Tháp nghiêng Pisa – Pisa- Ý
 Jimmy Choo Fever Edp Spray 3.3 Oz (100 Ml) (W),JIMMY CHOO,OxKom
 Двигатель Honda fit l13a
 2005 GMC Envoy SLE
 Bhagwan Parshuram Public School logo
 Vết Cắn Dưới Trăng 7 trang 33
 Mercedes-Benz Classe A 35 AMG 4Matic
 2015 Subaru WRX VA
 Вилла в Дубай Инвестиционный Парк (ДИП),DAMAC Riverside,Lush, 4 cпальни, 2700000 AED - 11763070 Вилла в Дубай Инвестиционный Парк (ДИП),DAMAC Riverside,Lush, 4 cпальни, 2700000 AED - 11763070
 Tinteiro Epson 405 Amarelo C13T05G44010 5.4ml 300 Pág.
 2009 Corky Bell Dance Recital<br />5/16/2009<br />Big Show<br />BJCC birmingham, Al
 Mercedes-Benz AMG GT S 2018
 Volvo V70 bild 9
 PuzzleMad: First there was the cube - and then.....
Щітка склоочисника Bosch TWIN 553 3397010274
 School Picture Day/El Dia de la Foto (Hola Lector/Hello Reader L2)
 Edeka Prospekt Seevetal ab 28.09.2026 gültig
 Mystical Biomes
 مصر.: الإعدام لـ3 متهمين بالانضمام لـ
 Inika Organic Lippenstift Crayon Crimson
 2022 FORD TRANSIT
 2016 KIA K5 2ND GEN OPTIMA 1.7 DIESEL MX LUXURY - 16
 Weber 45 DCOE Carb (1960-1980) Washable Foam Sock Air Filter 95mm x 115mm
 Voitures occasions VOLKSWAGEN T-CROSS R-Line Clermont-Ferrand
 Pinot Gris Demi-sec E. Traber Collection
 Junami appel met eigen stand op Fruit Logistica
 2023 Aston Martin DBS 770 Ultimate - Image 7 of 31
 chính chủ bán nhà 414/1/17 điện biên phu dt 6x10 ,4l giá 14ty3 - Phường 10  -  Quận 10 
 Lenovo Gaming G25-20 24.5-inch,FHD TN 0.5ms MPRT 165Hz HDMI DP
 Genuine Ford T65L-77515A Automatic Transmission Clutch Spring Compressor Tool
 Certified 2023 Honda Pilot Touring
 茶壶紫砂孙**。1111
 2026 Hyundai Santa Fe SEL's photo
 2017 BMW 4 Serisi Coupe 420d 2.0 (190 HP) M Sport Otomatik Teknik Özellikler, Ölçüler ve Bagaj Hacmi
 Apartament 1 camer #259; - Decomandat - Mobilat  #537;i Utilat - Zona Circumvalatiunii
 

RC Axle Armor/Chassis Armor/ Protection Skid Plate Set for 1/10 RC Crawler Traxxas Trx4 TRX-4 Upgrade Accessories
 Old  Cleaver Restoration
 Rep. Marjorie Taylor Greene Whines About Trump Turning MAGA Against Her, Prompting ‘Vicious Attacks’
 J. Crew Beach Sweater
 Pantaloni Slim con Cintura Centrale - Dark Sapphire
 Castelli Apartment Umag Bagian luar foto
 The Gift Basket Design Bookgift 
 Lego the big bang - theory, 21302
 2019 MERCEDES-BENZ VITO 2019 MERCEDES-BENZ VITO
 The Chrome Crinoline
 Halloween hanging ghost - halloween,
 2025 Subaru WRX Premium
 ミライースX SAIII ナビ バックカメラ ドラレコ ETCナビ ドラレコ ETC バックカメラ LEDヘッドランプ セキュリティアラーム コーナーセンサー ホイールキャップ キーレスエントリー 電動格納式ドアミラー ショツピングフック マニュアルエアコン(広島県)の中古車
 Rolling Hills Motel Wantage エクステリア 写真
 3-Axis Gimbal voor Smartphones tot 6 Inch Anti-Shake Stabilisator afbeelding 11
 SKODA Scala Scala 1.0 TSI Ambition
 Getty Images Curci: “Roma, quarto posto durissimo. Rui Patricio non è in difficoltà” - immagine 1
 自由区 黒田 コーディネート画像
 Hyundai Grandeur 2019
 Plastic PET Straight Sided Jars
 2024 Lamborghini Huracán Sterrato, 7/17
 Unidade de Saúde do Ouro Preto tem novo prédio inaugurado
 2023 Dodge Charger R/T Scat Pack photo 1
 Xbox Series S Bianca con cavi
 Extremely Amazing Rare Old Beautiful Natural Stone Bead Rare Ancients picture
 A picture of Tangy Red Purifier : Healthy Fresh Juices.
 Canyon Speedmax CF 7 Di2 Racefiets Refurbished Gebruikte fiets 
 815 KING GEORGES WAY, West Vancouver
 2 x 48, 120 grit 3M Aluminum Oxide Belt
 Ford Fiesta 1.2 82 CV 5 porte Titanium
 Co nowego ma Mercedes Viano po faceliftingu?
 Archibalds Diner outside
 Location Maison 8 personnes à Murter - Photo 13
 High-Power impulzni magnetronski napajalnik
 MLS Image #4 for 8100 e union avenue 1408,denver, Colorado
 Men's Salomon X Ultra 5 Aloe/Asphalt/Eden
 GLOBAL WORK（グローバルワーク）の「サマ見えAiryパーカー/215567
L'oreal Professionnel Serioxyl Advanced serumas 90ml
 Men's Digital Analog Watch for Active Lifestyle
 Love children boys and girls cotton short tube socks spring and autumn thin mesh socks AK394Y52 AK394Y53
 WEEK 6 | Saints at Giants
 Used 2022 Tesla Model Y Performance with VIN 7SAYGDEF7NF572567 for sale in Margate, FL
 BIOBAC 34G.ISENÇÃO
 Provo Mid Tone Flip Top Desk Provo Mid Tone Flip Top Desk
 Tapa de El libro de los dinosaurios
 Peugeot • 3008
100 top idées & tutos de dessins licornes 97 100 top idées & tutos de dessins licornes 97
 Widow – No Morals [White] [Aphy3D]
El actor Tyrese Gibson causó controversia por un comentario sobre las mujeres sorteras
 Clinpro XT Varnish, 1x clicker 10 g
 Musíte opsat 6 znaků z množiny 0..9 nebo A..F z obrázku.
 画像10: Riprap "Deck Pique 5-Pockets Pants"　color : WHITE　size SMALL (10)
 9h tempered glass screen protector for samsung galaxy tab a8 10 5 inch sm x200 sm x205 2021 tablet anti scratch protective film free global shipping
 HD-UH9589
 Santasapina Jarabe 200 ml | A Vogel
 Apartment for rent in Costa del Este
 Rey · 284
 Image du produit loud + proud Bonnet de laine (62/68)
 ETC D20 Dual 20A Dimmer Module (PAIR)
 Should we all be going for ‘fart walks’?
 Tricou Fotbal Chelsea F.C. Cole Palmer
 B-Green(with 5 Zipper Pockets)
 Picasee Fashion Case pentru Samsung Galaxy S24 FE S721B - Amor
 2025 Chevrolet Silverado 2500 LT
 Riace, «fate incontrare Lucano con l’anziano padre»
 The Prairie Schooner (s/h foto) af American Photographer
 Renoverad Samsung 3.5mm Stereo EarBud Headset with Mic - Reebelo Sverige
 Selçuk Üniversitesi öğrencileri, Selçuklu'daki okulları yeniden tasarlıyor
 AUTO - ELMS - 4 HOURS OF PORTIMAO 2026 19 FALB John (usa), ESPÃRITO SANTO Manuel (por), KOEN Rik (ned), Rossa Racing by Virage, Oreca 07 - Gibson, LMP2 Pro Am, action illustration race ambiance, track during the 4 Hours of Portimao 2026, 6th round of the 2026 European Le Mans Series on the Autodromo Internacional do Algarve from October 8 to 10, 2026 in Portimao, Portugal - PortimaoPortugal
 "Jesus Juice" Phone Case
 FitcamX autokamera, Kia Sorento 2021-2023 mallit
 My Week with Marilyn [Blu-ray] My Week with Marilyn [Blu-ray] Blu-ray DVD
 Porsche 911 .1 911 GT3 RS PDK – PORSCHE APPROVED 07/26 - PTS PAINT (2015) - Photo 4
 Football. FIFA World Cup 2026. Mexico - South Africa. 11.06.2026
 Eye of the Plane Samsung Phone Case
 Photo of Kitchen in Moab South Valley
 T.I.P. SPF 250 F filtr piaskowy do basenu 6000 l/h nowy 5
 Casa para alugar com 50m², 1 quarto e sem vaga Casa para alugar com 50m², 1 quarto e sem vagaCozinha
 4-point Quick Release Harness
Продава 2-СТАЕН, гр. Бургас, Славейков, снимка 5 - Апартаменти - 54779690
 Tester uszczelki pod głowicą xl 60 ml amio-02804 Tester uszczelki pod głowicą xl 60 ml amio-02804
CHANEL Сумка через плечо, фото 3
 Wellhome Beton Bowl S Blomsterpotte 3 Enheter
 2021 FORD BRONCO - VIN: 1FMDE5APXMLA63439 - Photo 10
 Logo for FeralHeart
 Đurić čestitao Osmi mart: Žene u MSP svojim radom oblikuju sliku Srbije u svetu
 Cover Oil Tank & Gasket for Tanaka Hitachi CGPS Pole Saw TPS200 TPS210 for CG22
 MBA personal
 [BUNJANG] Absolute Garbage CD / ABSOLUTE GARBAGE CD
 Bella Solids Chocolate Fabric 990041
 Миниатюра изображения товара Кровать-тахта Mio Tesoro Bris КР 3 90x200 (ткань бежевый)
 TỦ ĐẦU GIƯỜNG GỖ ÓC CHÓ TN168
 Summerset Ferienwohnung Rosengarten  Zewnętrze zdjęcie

> _Aim of the task_
The answer is each line in which the word "Hyundai" occurs, copied from the material above.

> _Worked solution_
 2026 Hyundai Santa Fe SEL's photo
 Hyundai Grandeur 2019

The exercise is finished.